Date published: November 12 2015

Ferrari is more than just a big name in the world of luxury motoring. The Italian car manufacturer, with its black prancing horse motif and reputation for building exquisite cars at its Maranello base, has become known across the globe as an incredibly powerful brand, up there with the likes of Google, Coca-Cola and Hermes.

For Ferrari, much of this success is built upon a rich heritage that is closely entwined with Formula 1. In fact, when Enzo Ferrari founded the business in 1929, it was as a race car manufacturer and sponsor. Ferraris didn’t hit the public roads until almost two decades later in 1947. Even today, only 7,000 Ferraris are sold each year to ‘ordinary’ drivers.

The car manufacturer’s Formula One division, Scuderia, is extremely famous and does much to strengthen and shape the wider Ferrari brand, building its appeal to millions of Formula One spectators and having a serious impact on market value. In fact, some believe Ferrari’s market value is inextricably linked to its performance on the track, so shareholders need to watch the sport even more intensely than the average Formula One fan.

The importance of the connection between performance and market value was demonstrated when Ferrari Scuderia boss Marco Mattiachi was sacked in November 2014 after just half a season in the role, despite the fact that the business itself was more profitable than ever. Those in control of operations couldn’t stomach poor Formula One performance, so damaging did they perceive it to be to overall market value, so Mattiachi was out.

In fact, the correlation between F1 racing success and pure profit isn’t always so straight-forward.

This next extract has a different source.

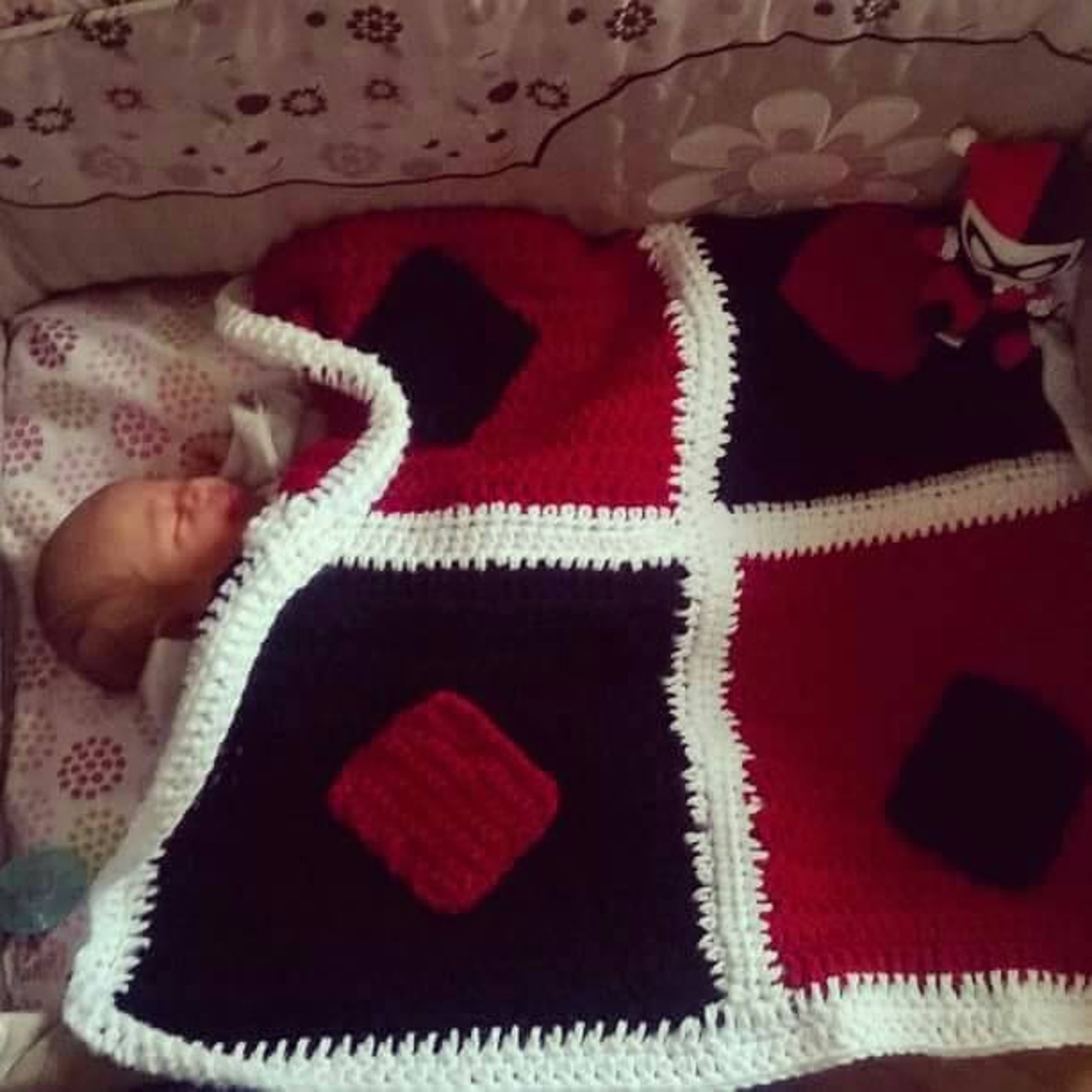 Crocheted Harley Quinn Baby Blanket DC Comics Batman Etsy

Although Ferrari didn’t win a race in 2013, its revenue that very year increased by five percent, reaching the dizzying figure of £1.885 billion. However, there certainly is an unbreakable connection between on-track performance, how Ferrari is regarded and how well it performs as a brand and a business. Ferrari’s current chairman, Sergio Marchionne, has described this link between performance on the track, morale and the bottom line: “We are unique and defined on racing. When Ferrari loses, it is not good. Ferrari does not feel good. It may take one, two or three years to win again. It’s at the heart of what we do. All the tech in the road cars has its heart in Ferrari racing.”

Of course, this connection between the results of large, high-profile sporting events and global brands’ shifting market values is by no means confined to Formula one and Ferrari. Every sport with a global audience has impact the brands’ shares at its heart. Take, for example, the exponential rise in share price enjoyed by Nike following the Olympics 400m victory of Cathy Freeman. Nike, who had created the athlete’s body suit saw its share price jump by 7.5 percent in the ten days following the win.

The push-pull relationships between high profile, world-standard sports and market value should never be forgotten and, in fact, serves to add an extra element of adrenaline and intrigue to the dramatic sporting events we all love to watch.